Goals are an important aspect of enthusiasm and motivation. They provide a viable target to work towards. They can encourage us to go that extra mile, put in the extra effort needed. But they need to be tailored to suit the person or persons to whom they are directed.
Unrealistic goals can be almost counter productive. They discourage and make people lose heart. Sometimes unrealistic goals can result in people becoming badly stressed and negative about themselves and their capabilities. They can highlight peoples weaknesses and make them more visible.
Some people like to have a main goal, but with interim stages at points along the way. For example, with weight loss, or training for a marathon or a competition, it can be a positive part of the process to set a particular long term target, but also have short terms goals that recognise and appreciate what has been achieved to date.

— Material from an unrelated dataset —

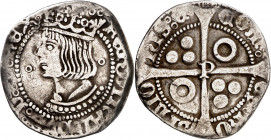 Ferran II (1479-1516). Perpinyà. Croat. (Cru.V.S. 1153 var) (Cru.C.G. 3073 var). Busto entre anillos. Muy rara. 3 g. MBC-.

In business, some individuals may be set work or sales targets to work towards or teams may be set in competition against each other. This is designed to provide stimulus and motivation to produce more and better productivity. For some people winning is success enough, for others a visible reward or inducement is an important component.
Motivation is a key part of goal setting. Some people are good at self motivation. They compete against themselves and can maintain the level of enthusiasm required to reach their goal. Any set back serves as a challenge to their determination, and stubborn doggedness and perseverance sets in. Other people may require the stimulus of a prize or even just the goal of having their name ‘in lights’ on a winners board.
Teams will often include people with different skill sets. Members of a team often work to motivate each other at different times. Difficulties can arise when one or two people are highly motivated and work hard, whilst other members sit back and let everyone else put the effort in. The knack with a team effort is in keeping everyone enthused, especially when there are different elements to the task.
Positive strokes can be used to great effect in goal setting. Praising someone for what they are doing helps to build confidence and reinforce the determination to continue making the effort. A positive stroke means that someone says ‘ well done, good effort, you are doing a great job’, and does not qualify the praise with an additional comment that reduces the value of the praise. So adding a comment like, ‘try to keep up the effort’, or ‘I hope you will continue to be this hardworking of all the time’, significantly reduces the value of what has been said.